You’d think that, with the Fed’s threat to cause “pain” with higher interest rates, short sellers would be crushing it these days. But instead, as with the summer rally, they’re suddenly the ones getting crushed.
That’s because hedge funds and commodity trading advisor trading programs got caught on the wrong side of the trade and had to reverse their market bias. Their short-covering was amplified by the stealth buying of value players, who seem to have been building long positions as prices have come down after the summer rally. The result was last week’s short squeeze, which may still have some legs left if the stealth buying turns into something more solid.
Glimmer of Hope
Last week, I noted that “September is traditionally a bad month for stocks. And with the Fed draining $95 billion in liquidity from the banking system as it accelerates QT, things could go from bad to worse, although bearish sentiment is increasing and the market is getting very oversold.”
I further noted: “Still, there was a glimmer of hope at week’s end, as the Eurodollar Index (XED), see below, moved decidedly higher. We’ll have to see what develops from this, as a move higher in XED is often a bullish sign for stocks.”
So far, the “glimmer of hope” seems to be another short-covering rally, which of course is tradable, at least in the short term. But, if stocks can somehow manage to take out the highs from the summer rally, we could be in a totally different trading environment for the rest of the year.
In general, stocks don’t do well when the Fed and other global central banks are raising rates. On the other hand, I often wonder what may happen if the central banks continue to raise rates and stock traders stop giving a flip about it. I mean, Fed Chairman Powell is pounding the table and spitting out fire and brimstone. The European Central Bank seems to, for once, mean business — whatever that means. And the war in Ukraine doesn’t seem to be going anywhere for now. Yet stocks are trading purely on basic technical measures, such as whether RSI is overbought or oversold. See below for details.
So what happens if the stock market tells the central banks to go pack sand and stocks rally despite aggressive interest rate increases? Wouldn’t that be something to see?
Welcome to the Edge of Chaos:
“The edge of chaos is a transition space between order and disorder that is hypothesized to exist within a wide variety of systems. This transition zone is a region of bounded instability that engenders a constant dynamic interplay between order and disorder.” – Complexity Labs
Bonds Yields Rise. Liquidity Reduced Further.

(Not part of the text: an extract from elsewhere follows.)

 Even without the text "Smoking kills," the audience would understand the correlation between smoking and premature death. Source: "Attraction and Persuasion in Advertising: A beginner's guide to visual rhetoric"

Bond yields again pushed higher last week, with the U.S. Ten Year note yield (TNX) moving beyond the 3.25% level and closing above 3.3%, on the heels of tough talk from the Fed and the ECB. A move above this area could make life difficult for stock traders. But, at this point, given the speed with which markets trade, who knows?
As I noted recently, the Fed is removing $95 billion from the financial system per month as part of its QT program. And when the Fed drains liquidity, the Eurodollar market usually falls, which is what happened this week. This suggests that we are still in an illiquid market, and that volatility will continue. On the other hand, it doesn’t rule out that this rally, which at this point seems to be another short squeeze, can’t go on for a while.
Bond yields have broken out to a new high, while the Eurodollar Index (XED) has made a new low. That means that the system’s liquidity is falling.
You can get a working overview of how this works in my latest Your Daily Five video here.
Is Kroger the Next Whole Foods?
Shares of grocery giant Kroger Co. (NYSE: KR) delivered a nifty price chart breakout on 9/9/22, on the heels of a better-than-expected earnings report and an equally bullish guidance update for the full year. I’m not really surprised, since I shop at Kroger, and what I see every time I step into the store is lots of people who probably feel the same way.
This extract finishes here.